### Items from a dataset
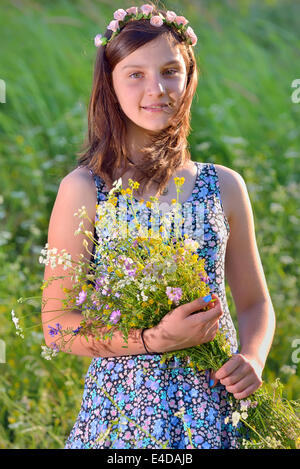 Ritratto di ragazza adolescente in natura Foto Stock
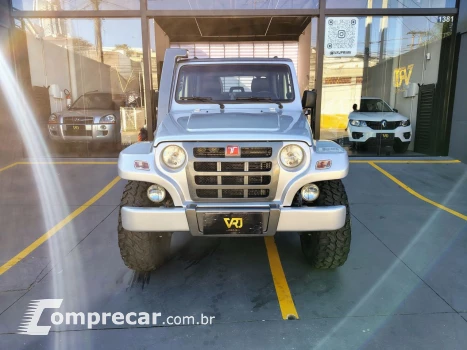 T-4 4x4 3.0 TB Int. Cap. Rígida Diesel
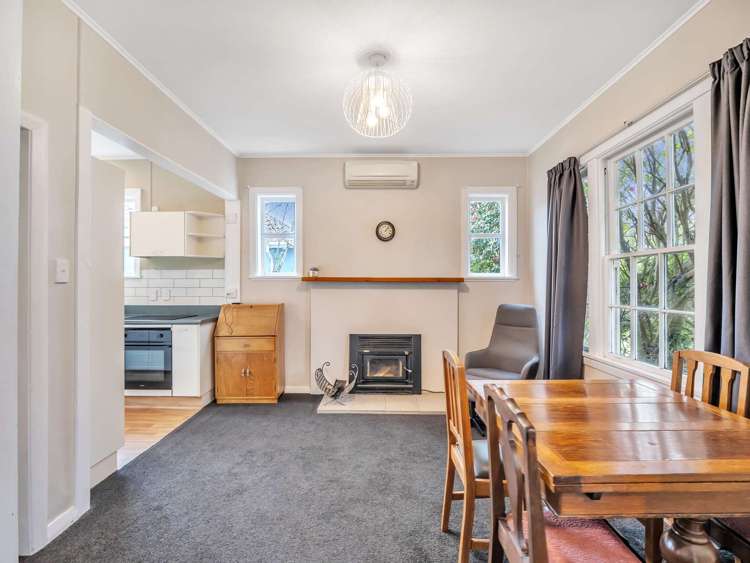 8 Bampton Street Dallington_8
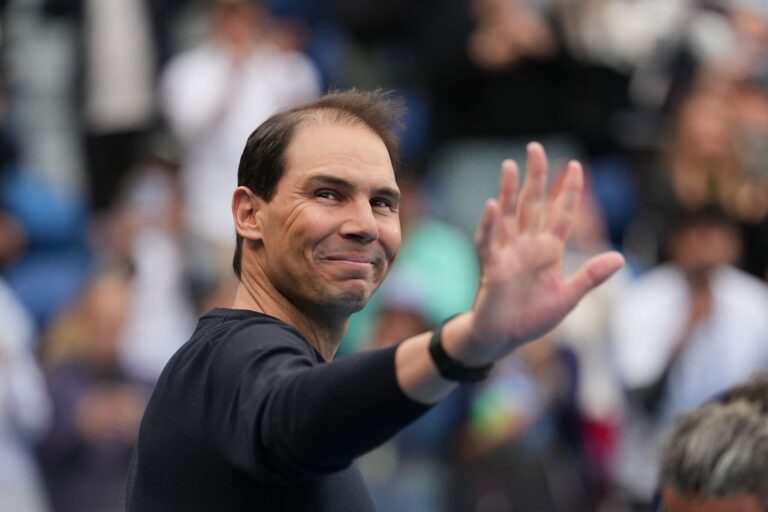 Rafael Nadal will derzeit nicht als Trainer um die Welt reisen. (Archivbild)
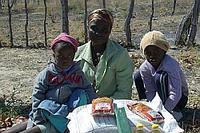 Namibia nach der großen Flut - humedica verteilt Hilfsgüter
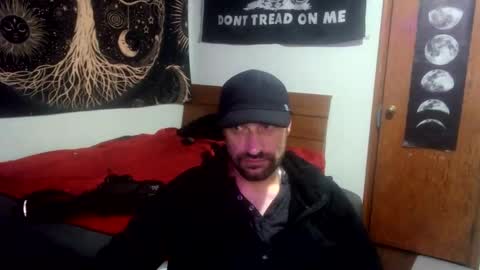 Snapshot of clintwood12 chatting on 10-17-25, 01:31 chad online show from 10-17-25, 01:31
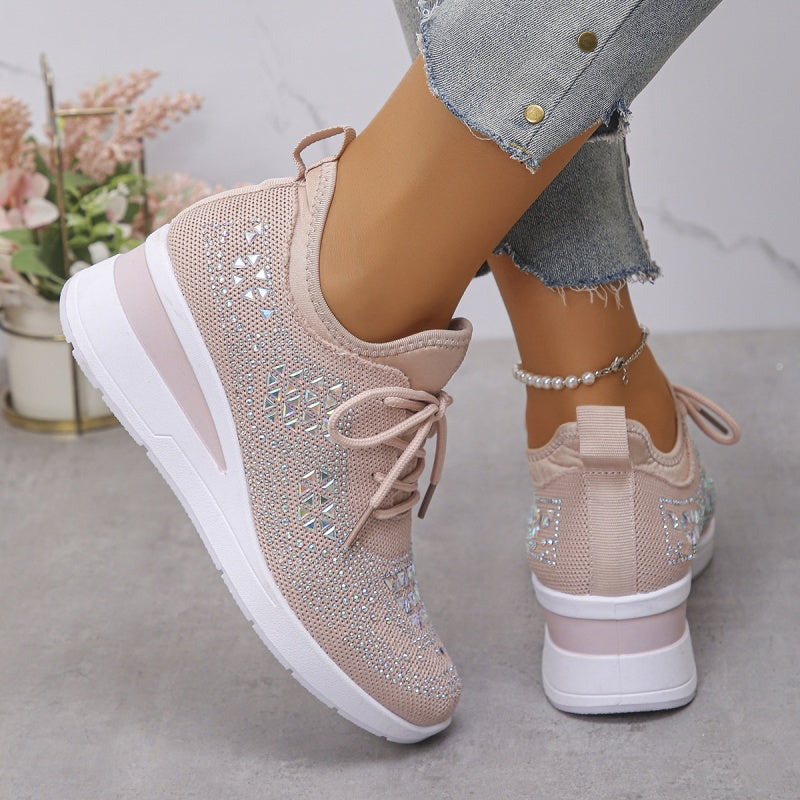 Modische Damen-Sneaker mit Strass-Applikationen & orthopädischer Fußgewölbestütze.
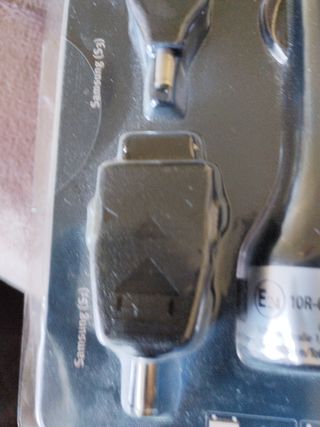 Carregador de isqueiro com adaptadores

### Directions
Reproduce the records above exactly, excluding every picture.

### Response to this task
 Ritratto di ragazza adolescente in natura Foto Stock
 T-4 4x4 3.0 TB Int. Cap. Rígida Diesel
 8 Bampton Street Dallington_8
 Rafael Nadal will derzeit nicht als Trainer um die Welt reisen. (Archivbild)
 Namibia nach der großen Flut - humedica verteilt Hilfsgüter
 Snapshot of clintwood12 chatting on 10-17-25, 01:31 chad online show from 10-17-25, 01:31
 Modische Damen-Sneaker mit Strass-Applikationen & orthopädischer Fußgewölbestütze.
 Carregador de isqueiro com adaptadores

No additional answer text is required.